Top of DATASET RECORDS

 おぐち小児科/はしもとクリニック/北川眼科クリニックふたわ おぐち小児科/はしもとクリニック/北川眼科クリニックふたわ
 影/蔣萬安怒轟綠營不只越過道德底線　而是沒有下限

Bottom of DATASET RECORDS
Top of DATASET RECORDS

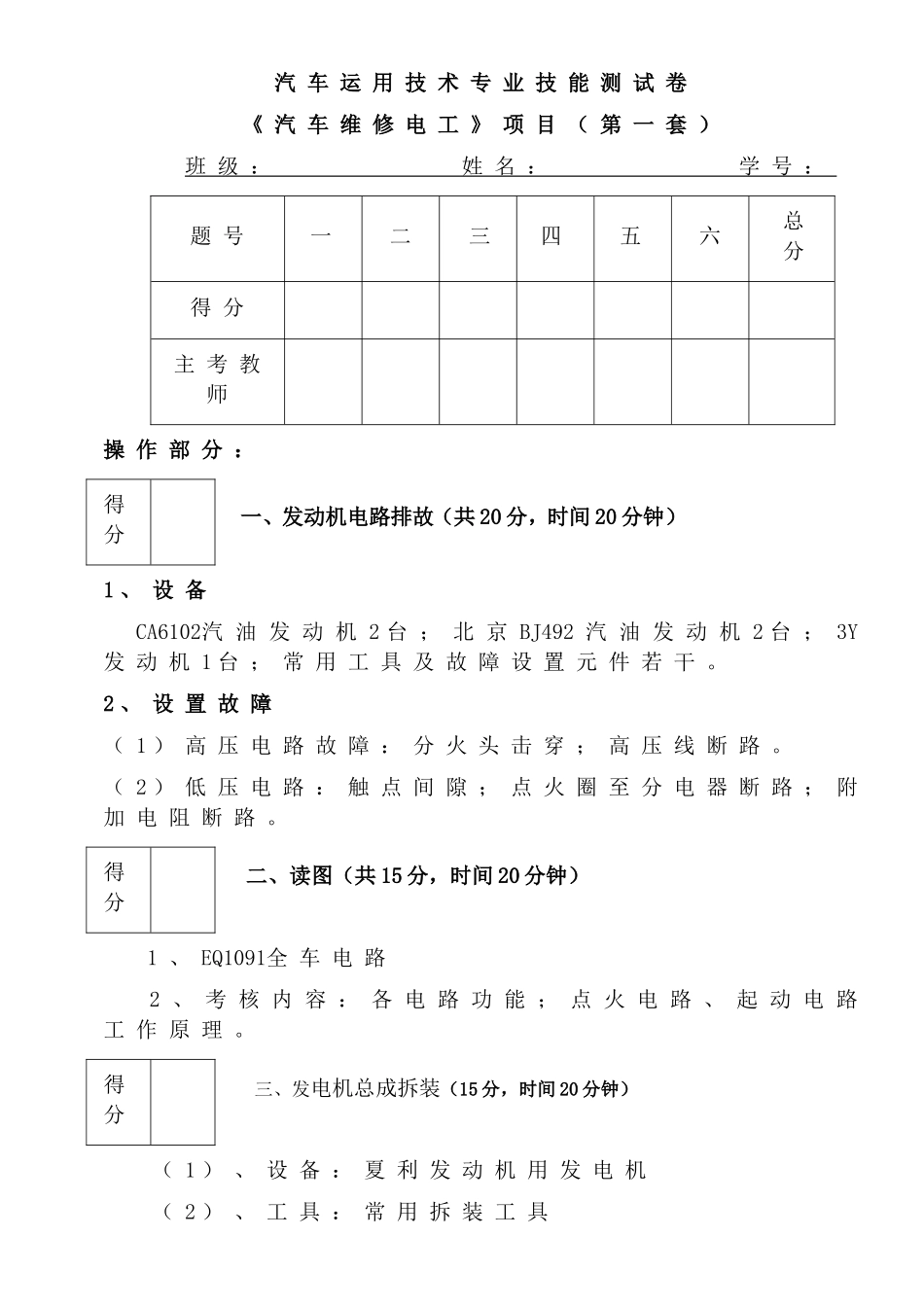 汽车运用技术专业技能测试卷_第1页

Bottom of DATASET RECORDS
Top of DATASET RECORDS

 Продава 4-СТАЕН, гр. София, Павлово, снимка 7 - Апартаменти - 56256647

Bottom of DATASET RECORDS

== EXERCISE PROMPT ==
From the material above, retype precisely the lines between the line holding "おぐち小児科/はしもとクリニック/北川眼科クリニックふたわ おぐち小児科/はしもとクリニック/北川眼科クリニックふたわ" and the line holding "影/蔣萬安怒轟綠營不只越過道德底線　而是沒有下限", inclusive, and nothing beyond them.

== TASK RESULT ==
 おぐち小児科/はしもとクリニック/北川眼科クリニックふたわ おぐち小児科/はしもとクリニック/北川眼科クリニックふたわ
 影/蔣萬安怒轟綠營不只越過道德底線　而是沒有下限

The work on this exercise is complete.